■ Task description ■
Where the material below has a line containing "Round Ball Design", start repeating exactly, and keep going through the line containing "Heart Carrier Gold Bangle", with no other lines.

■ Data extract ■

----

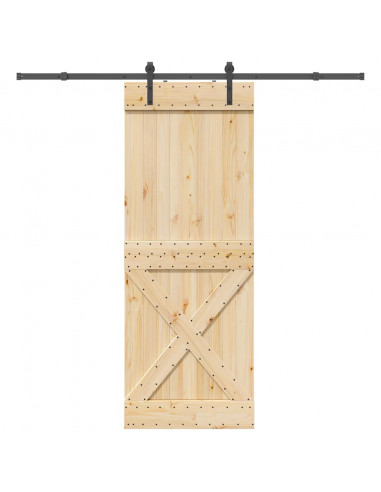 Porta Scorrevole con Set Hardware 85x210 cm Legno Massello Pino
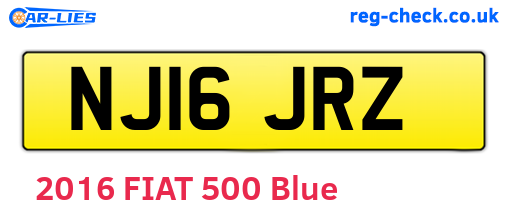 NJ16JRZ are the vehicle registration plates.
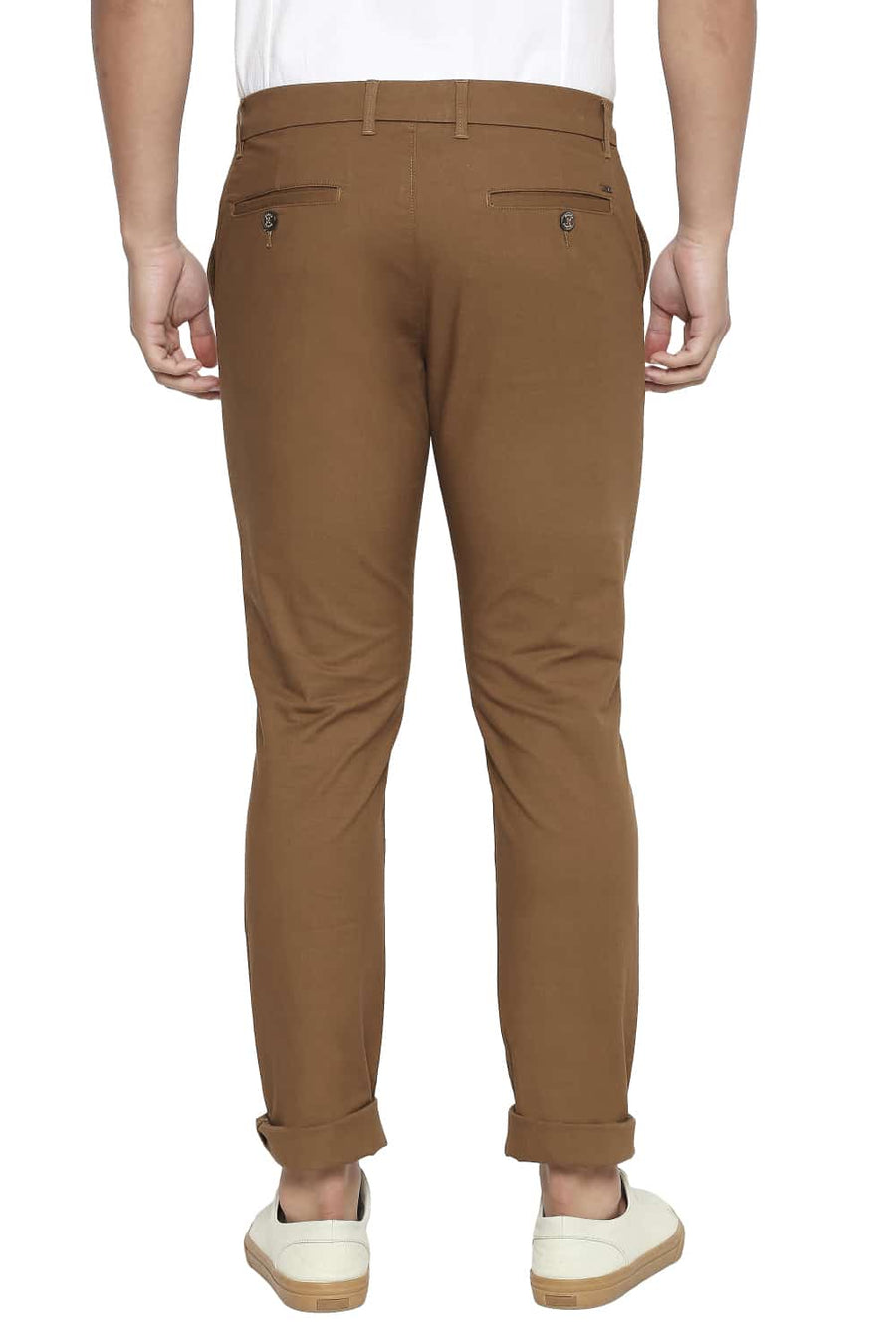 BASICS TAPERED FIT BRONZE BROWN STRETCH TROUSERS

----

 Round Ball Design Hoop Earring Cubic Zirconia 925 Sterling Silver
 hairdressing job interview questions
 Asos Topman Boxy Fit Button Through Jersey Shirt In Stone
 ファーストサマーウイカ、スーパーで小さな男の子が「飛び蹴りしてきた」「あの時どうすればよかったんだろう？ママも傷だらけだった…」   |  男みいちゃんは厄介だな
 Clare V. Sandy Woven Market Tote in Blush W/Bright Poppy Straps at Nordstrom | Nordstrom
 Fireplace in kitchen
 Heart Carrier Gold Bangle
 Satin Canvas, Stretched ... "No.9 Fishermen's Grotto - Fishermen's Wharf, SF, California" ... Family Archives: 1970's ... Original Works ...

----

■ Expected answer ■
 Round Ball Design Hoop Earring Cubic Zirconia 925 Sterling Silver
 hairdressing job interview questions
 Asos Topman Boxy Fit Button Through Jersey Shirt In Stone
 ファーストサマーウイカ、スーパーで小さな男の子が「飛び蹴りしてきた」「あの時どうすればよかったんだろう？ママも傷だらけだった…」   |  男みいちゃんは厄介だな
 Clare V. Sandy Woven Market Tote in Blush W/Bright Poppy Straps at Nordstrom | Nordstrom
 Fireplace in kitchen
 Heart Carrier Gold Bangle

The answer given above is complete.